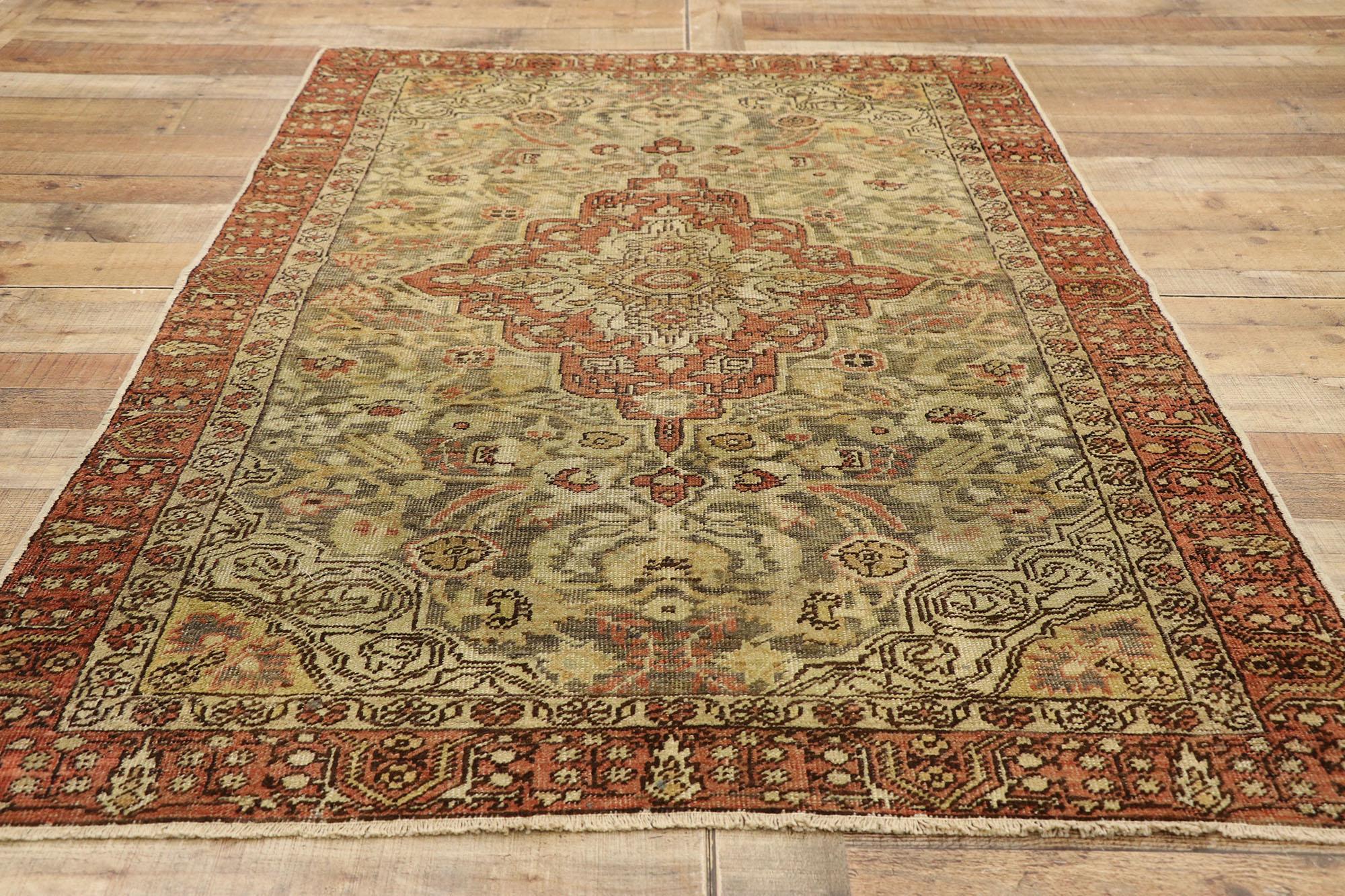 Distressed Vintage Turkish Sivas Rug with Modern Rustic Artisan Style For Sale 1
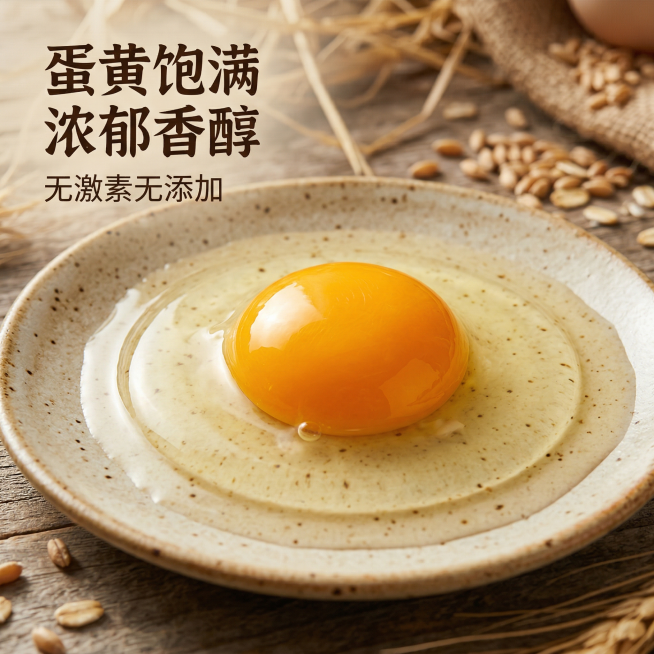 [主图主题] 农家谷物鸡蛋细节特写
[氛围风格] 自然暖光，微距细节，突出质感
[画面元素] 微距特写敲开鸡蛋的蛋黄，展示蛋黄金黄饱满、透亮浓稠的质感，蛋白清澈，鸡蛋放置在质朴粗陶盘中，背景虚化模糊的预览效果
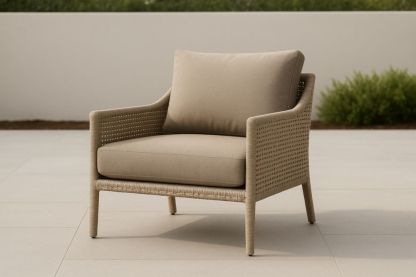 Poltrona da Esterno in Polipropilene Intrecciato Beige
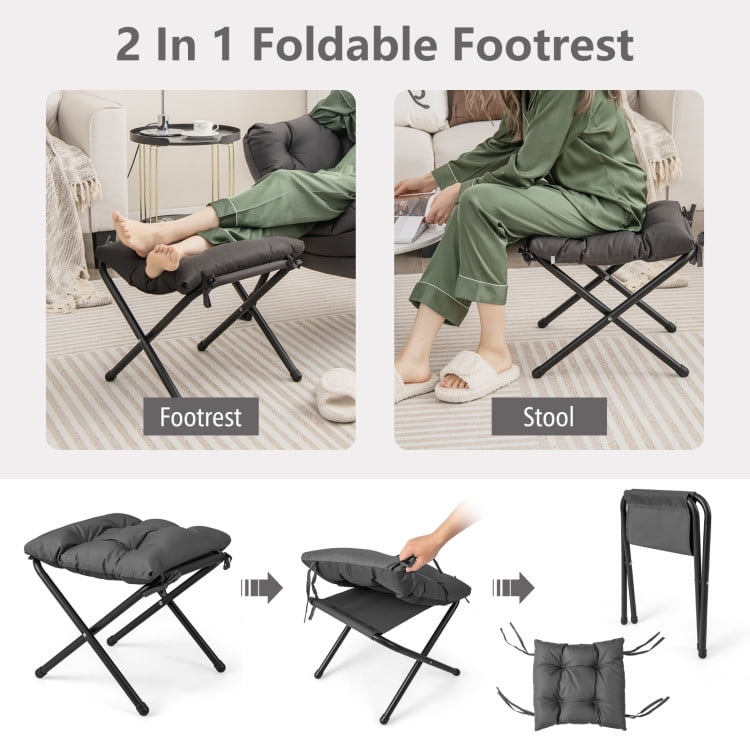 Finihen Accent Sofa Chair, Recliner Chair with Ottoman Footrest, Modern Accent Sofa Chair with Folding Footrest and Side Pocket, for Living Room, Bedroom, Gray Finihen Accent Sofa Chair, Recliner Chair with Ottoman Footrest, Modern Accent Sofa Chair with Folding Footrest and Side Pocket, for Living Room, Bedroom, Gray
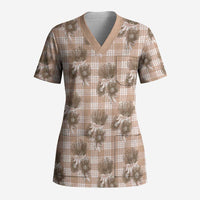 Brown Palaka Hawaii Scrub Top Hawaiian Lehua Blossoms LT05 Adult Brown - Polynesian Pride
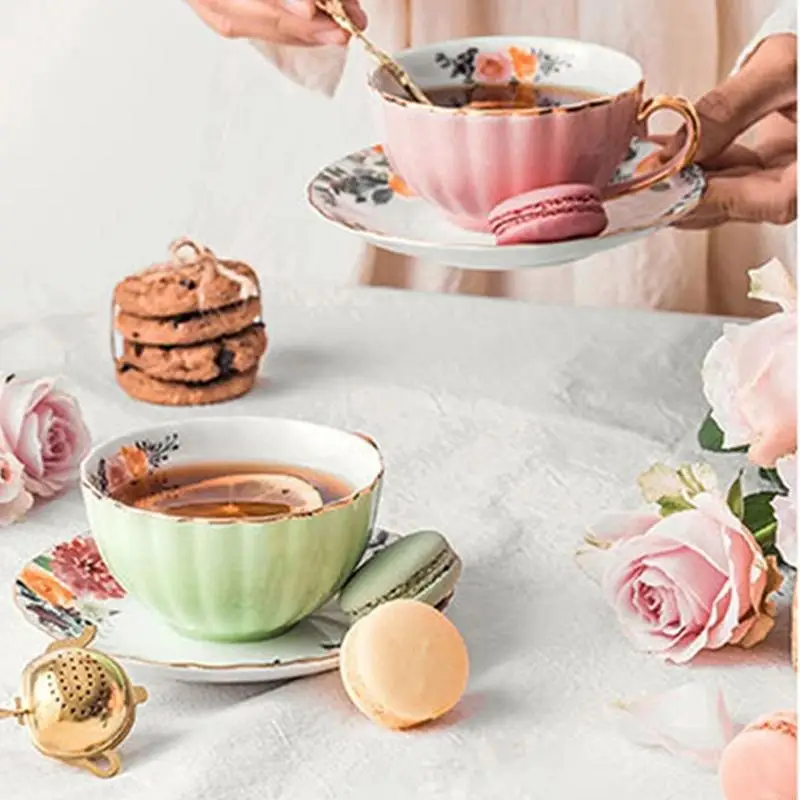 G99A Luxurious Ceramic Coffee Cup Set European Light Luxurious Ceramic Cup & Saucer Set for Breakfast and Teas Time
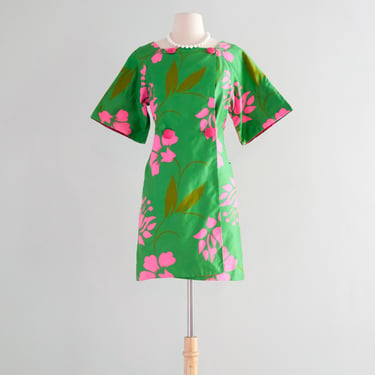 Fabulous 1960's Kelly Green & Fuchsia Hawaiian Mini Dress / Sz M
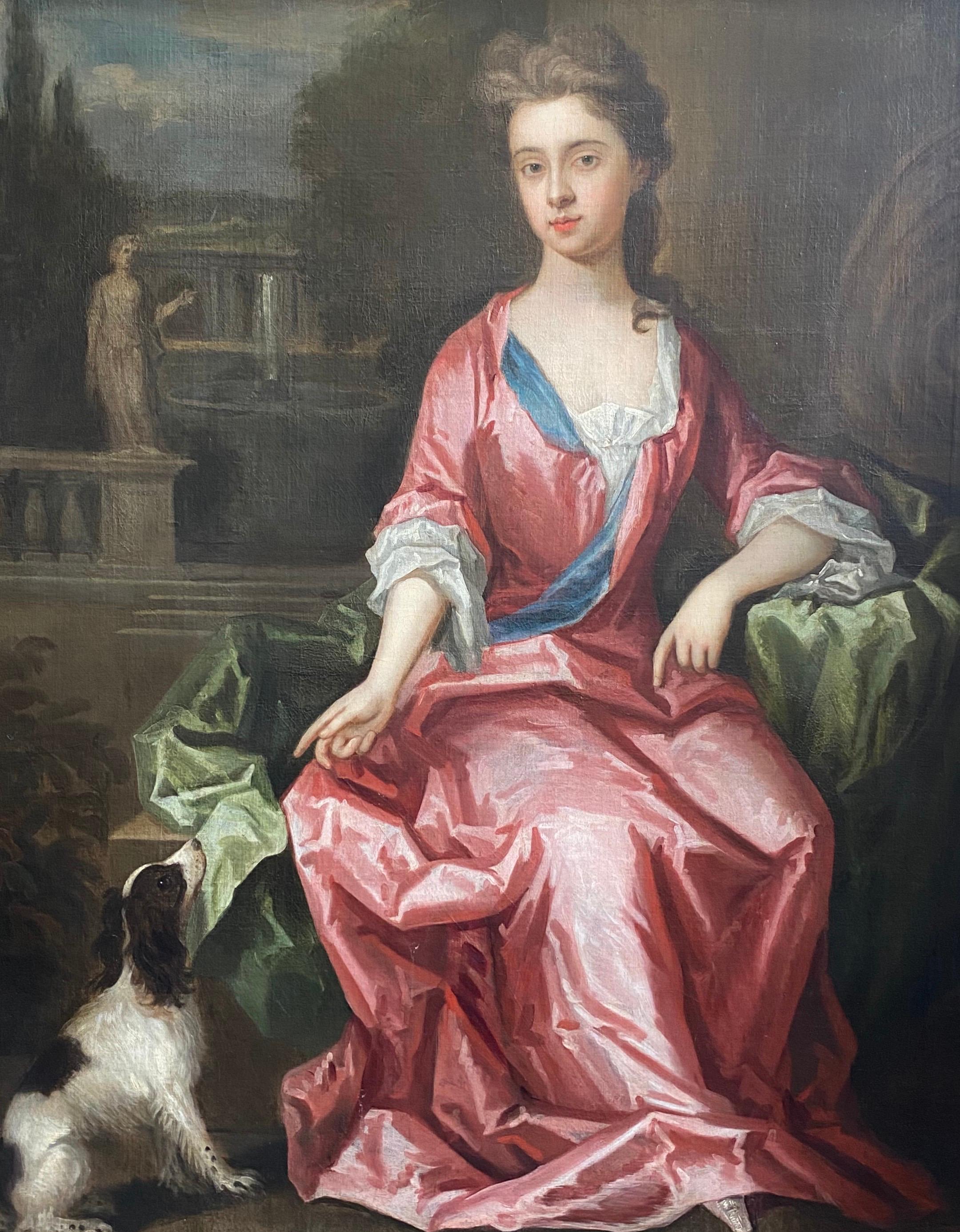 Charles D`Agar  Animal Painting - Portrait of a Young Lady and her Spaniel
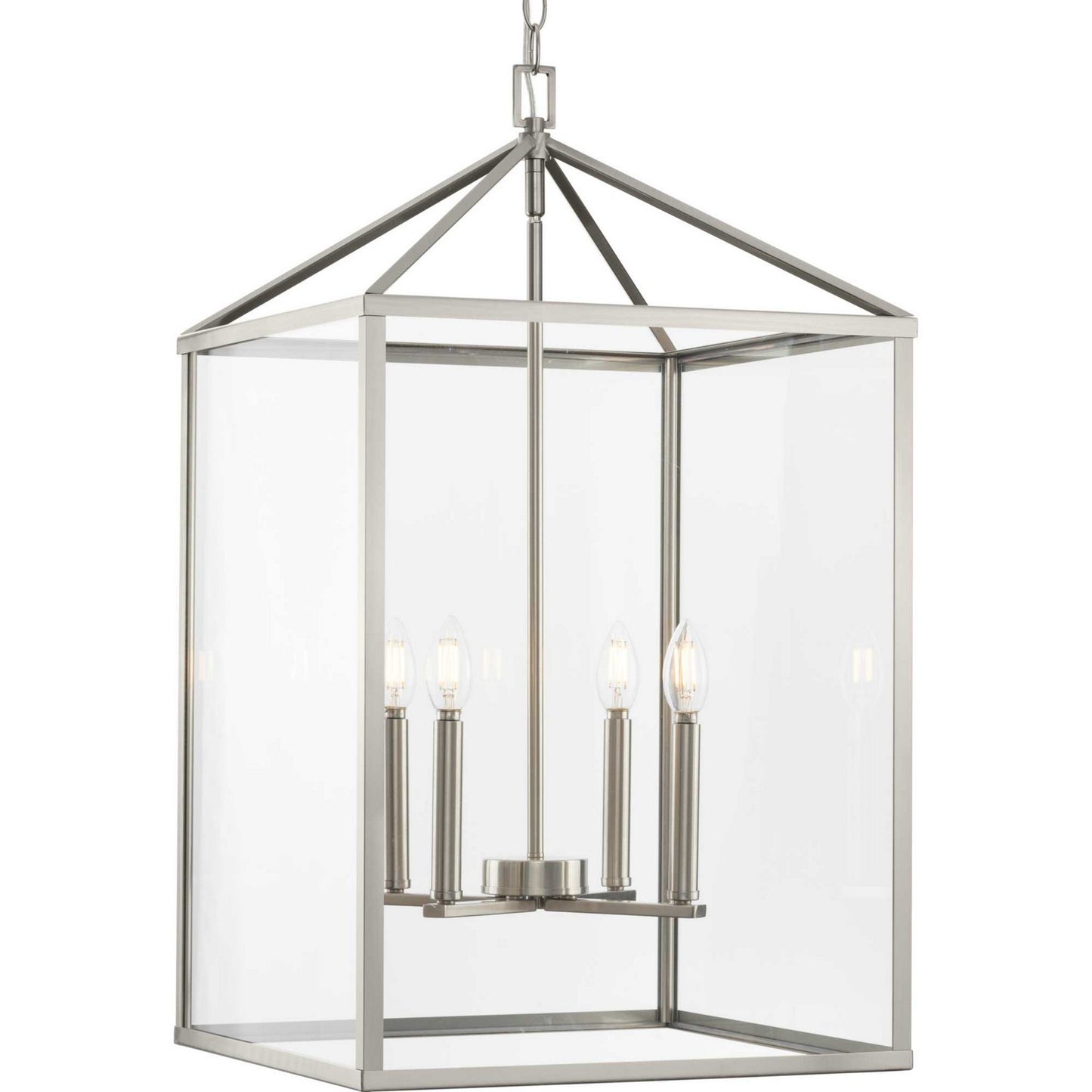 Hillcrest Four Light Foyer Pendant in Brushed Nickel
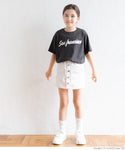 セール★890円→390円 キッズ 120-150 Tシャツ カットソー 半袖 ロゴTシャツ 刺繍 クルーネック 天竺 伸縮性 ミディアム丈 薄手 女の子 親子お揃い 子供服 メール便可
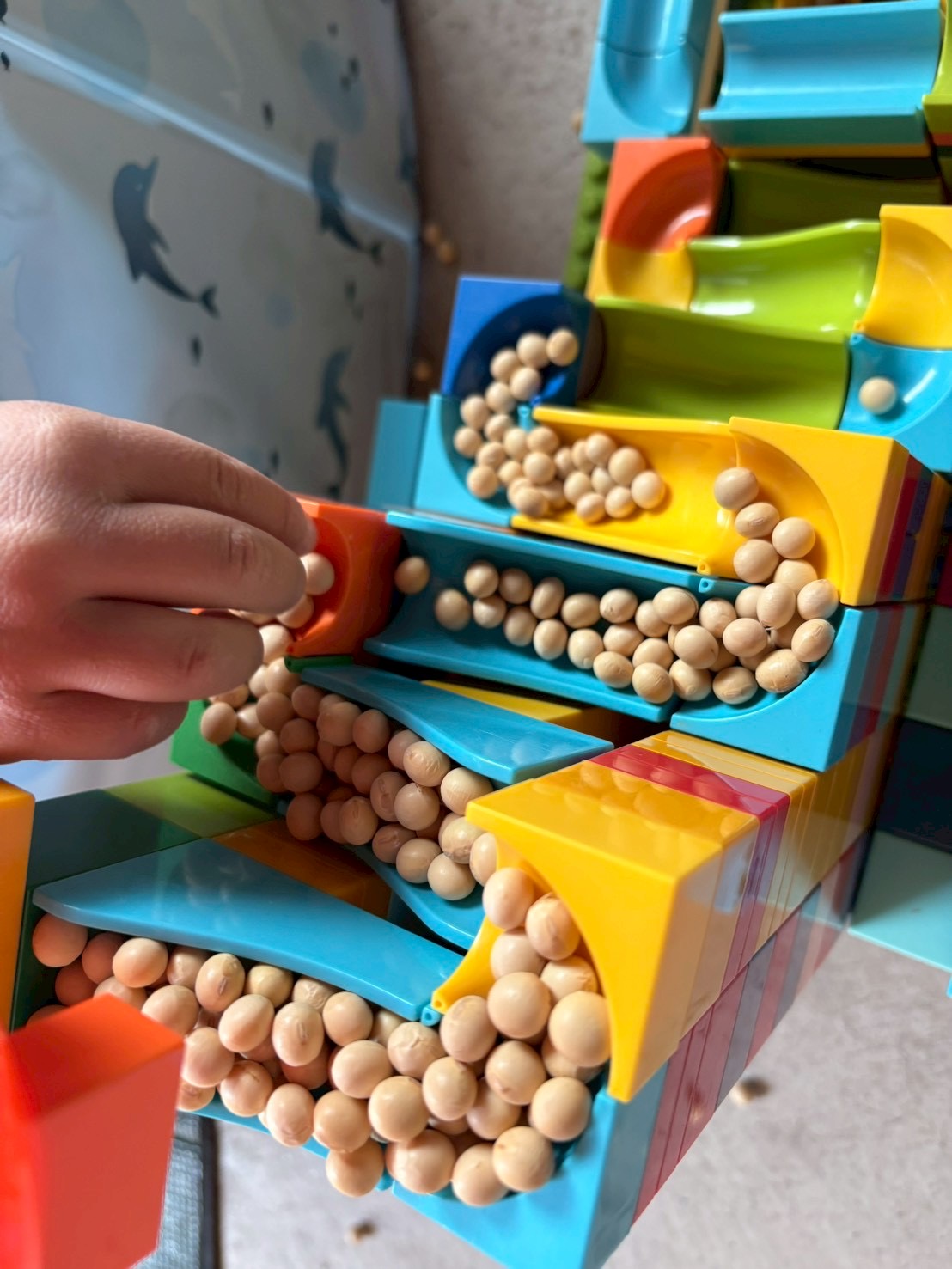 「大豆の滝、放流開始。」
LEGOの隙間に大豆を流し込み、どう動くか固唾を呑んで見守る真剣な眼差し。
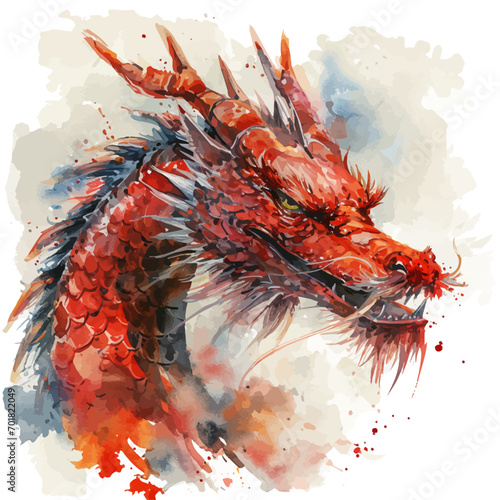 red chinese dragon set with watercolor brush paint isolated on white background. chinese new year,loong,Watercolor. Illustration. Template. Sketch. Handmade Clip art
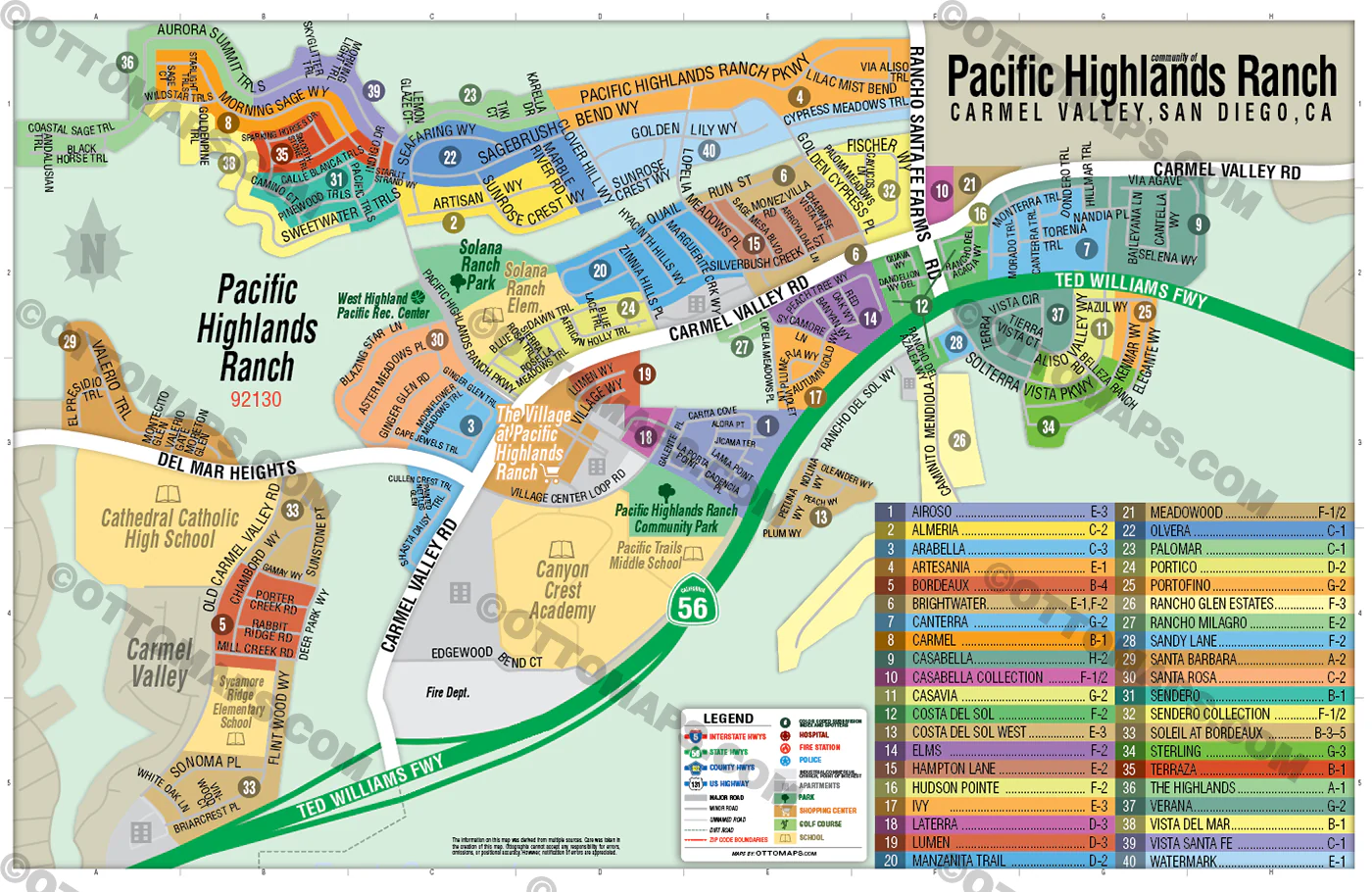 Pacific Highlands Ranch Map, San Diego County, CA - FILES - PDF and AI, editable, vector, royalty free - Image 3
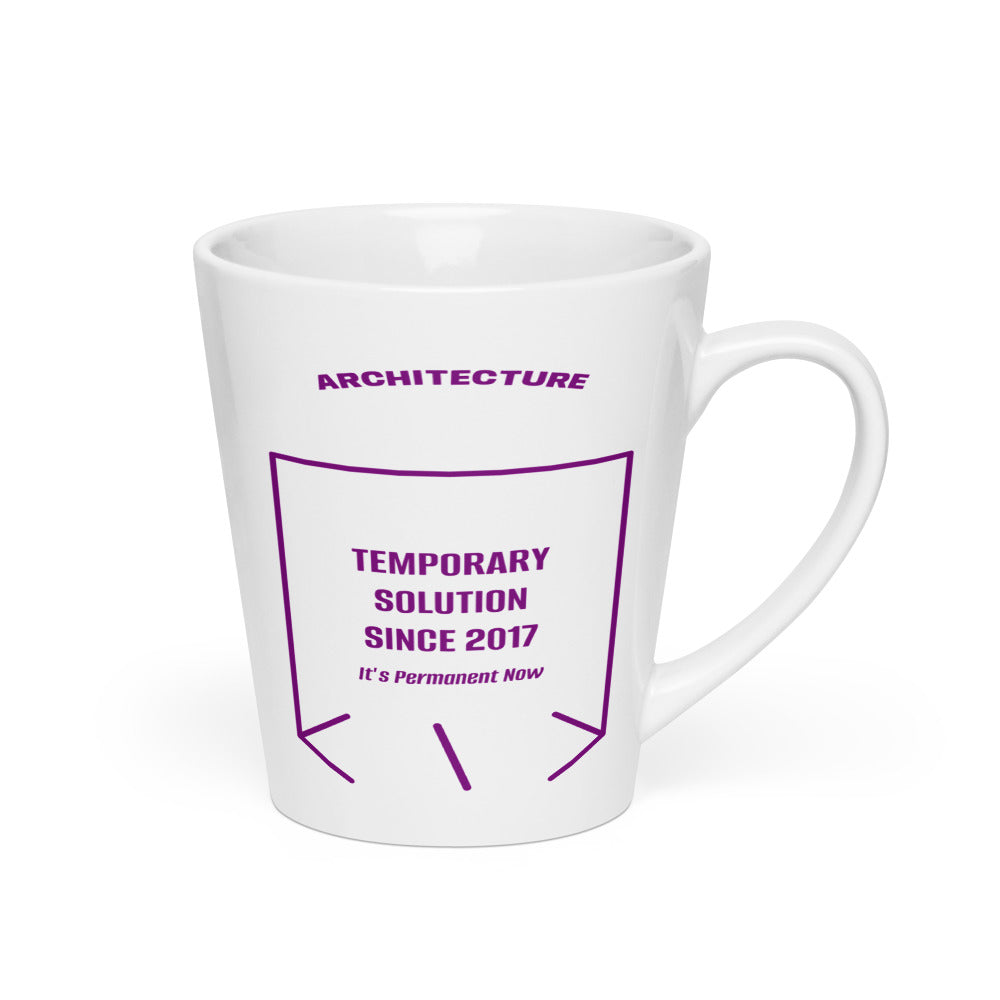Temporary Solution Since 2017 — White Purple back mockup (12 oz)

● What needs to be done: What you output must be exactly the lines from the line with "LEGOの隙間に大豆を流し込み、どう動くか固唾を呑んで見守る真剣な眼差し。" through the last line of the listing, pictures excluded.

● Result of the task:
LEGOの隙間に大豆を流し込み、どう動くか固唾を呑んで見守る真剣な眼差し。
 red chinese dragon set with watercolor brush paint isolated on white background. chinese new year,loong,Watercolor. Illustration. Template. Sketch. Handmade Clip art
 Pacific Highlands Ranch Map, San Diego County, CA - FILES - PDF and AI, editable, vector, royalty free - Image 3
Temporary Solution Since 2017 — White Purple back mockup (12 oz)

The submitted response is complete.